_Recorded data:_

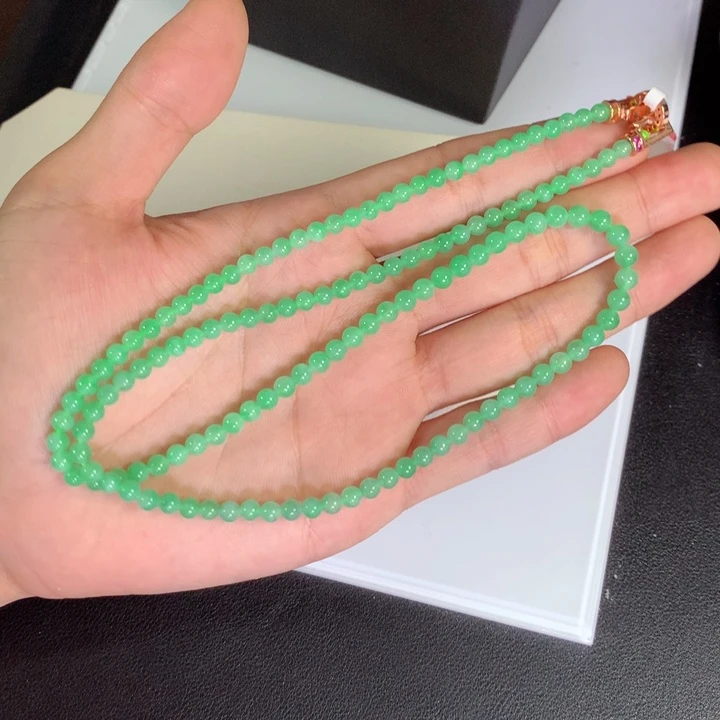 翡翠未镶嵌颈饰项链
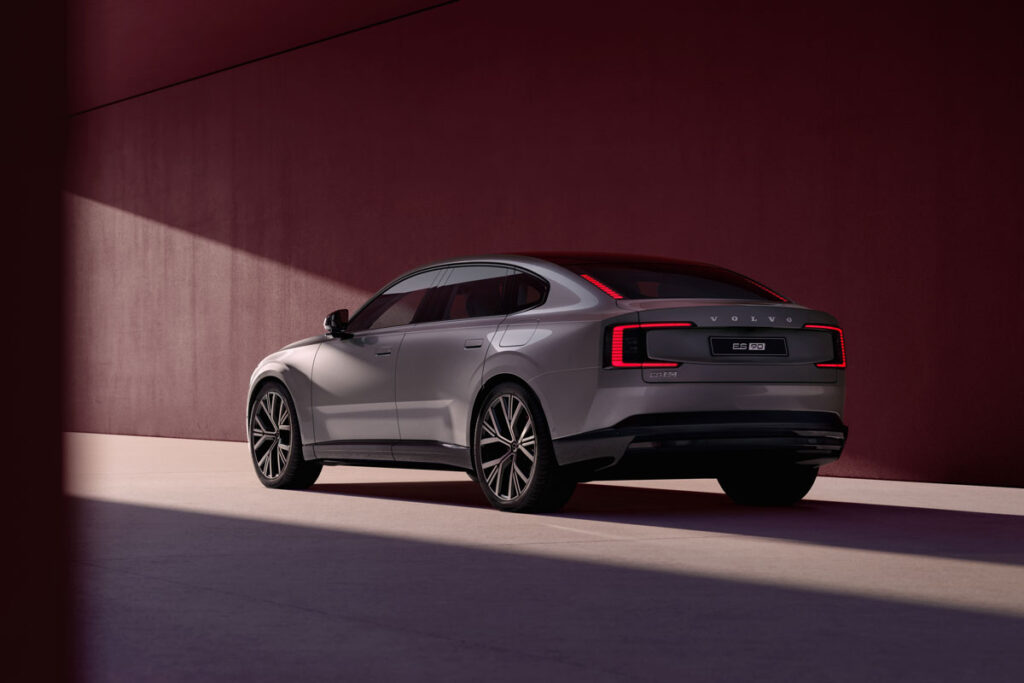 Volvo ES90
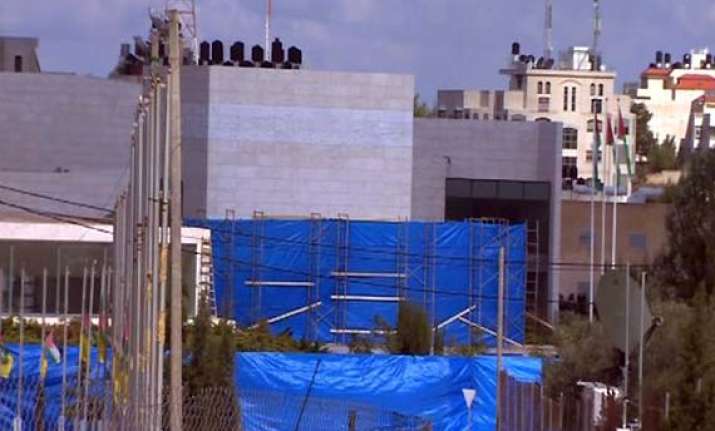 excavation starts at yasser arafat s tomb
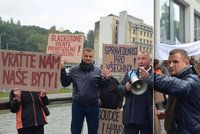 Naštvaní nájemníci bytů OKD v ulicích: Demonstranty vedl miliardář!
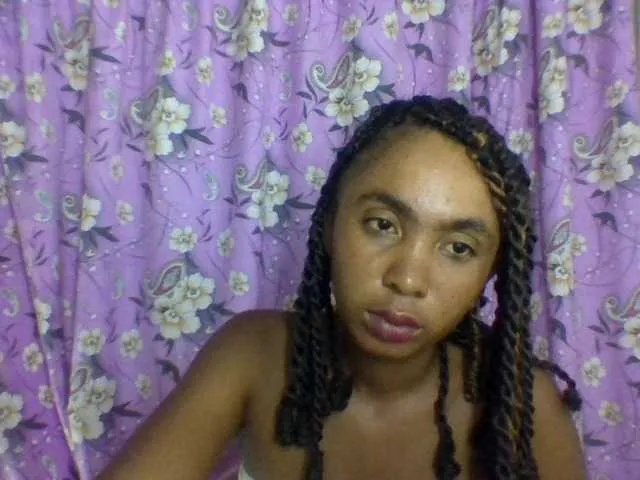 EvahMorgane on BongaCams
---
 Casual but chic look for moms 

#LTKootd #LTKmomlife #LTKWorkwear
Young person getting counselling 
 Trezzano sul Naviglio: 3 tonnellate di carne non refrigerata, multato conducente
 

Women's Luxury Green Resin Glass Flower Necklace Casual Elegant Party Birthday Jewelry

_WHAT TO DO:_
Which lines run from the one holding "Casual but chic look for moms" through the one holding "Women's Luxury Green" in the records above? Repeat them exactly, both included, and nothing more.

_EXERCISE RESPONSE:_
 Casual but chic look for moms 

#LTKootd #LTKmomlife #LTKWorkwear
Young person getting counselling 
 Trezzano sul Naviglio: 3 tonnellate di carne non refrigerata, multato conducente
 

Women's Luxury Green Resin Glass Flower Necklace Casual Elegant Party Birthday Jewelry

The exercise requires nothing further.